What you return must match, exactly, the lines running from the one containing "A bed or beds" to the end of the data, both included, and must contain no pictures.

INFORMATION SUPPLIED ->
########################################

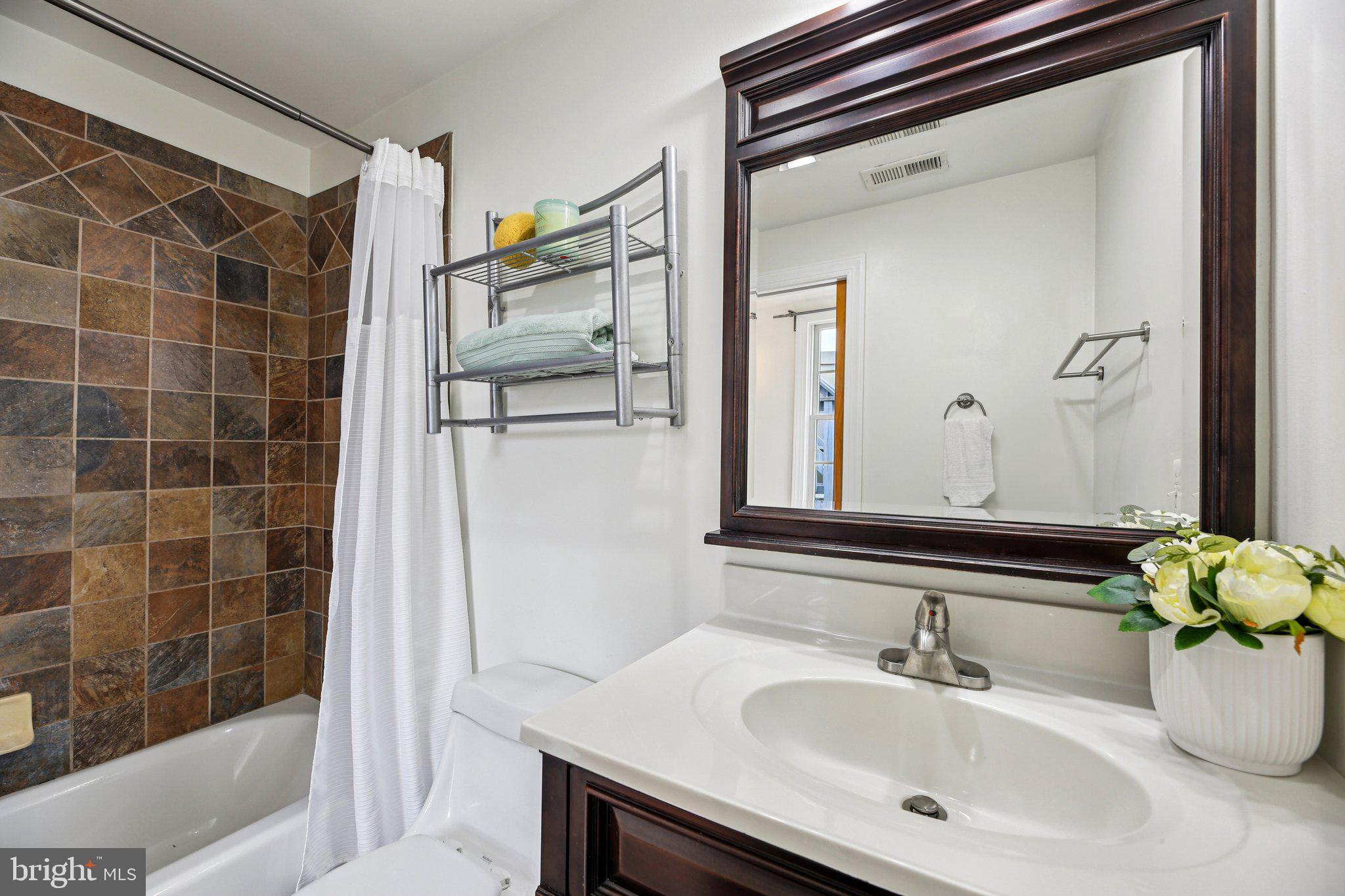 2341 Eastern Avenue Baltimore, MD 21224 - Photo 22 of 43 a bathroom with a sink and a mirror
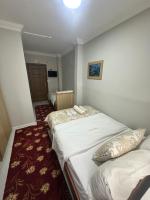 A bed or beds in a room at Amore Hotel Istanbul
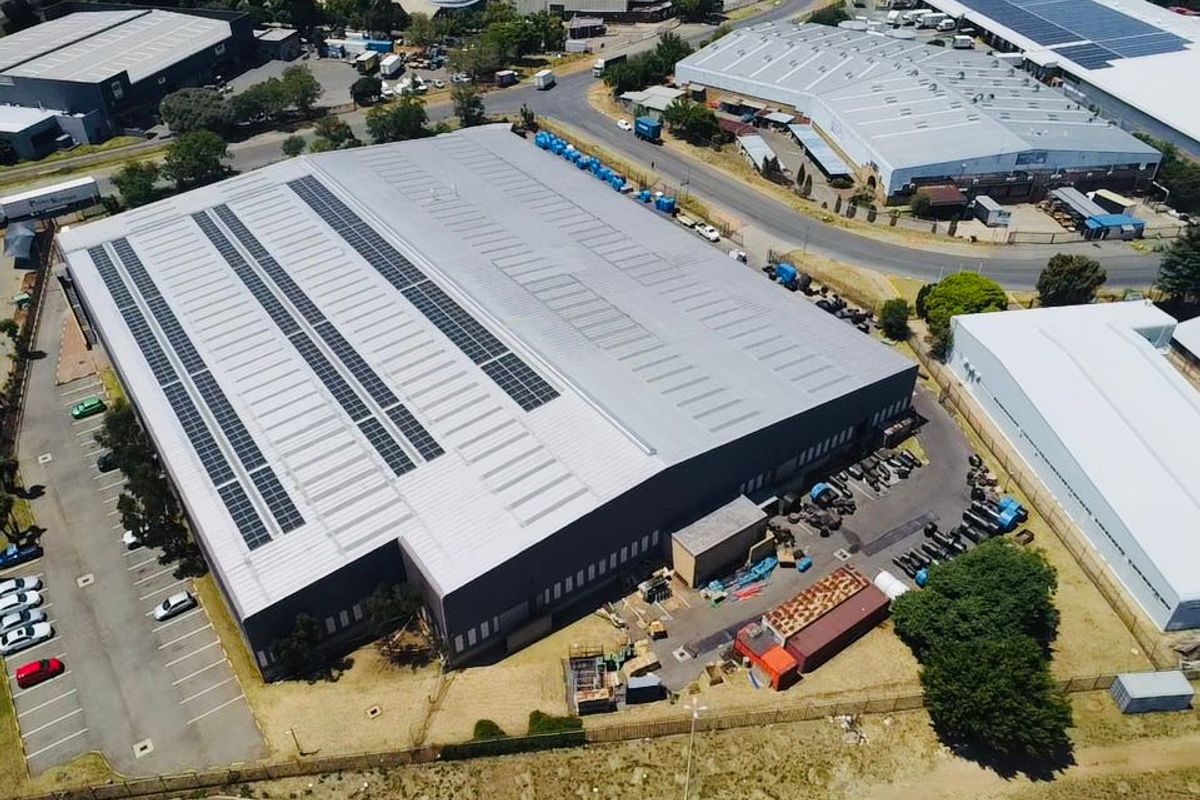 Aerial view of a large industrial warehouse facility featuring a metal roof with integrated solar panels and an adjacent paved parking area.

########################################

REPLY TO THE TASK ->
 A bed or beds in a room at Amore Hotel Istanbul
 Aerial view of a large industrial warehouse facility featuring a metal roof with integrated solar panels and an adjacent paved parking area.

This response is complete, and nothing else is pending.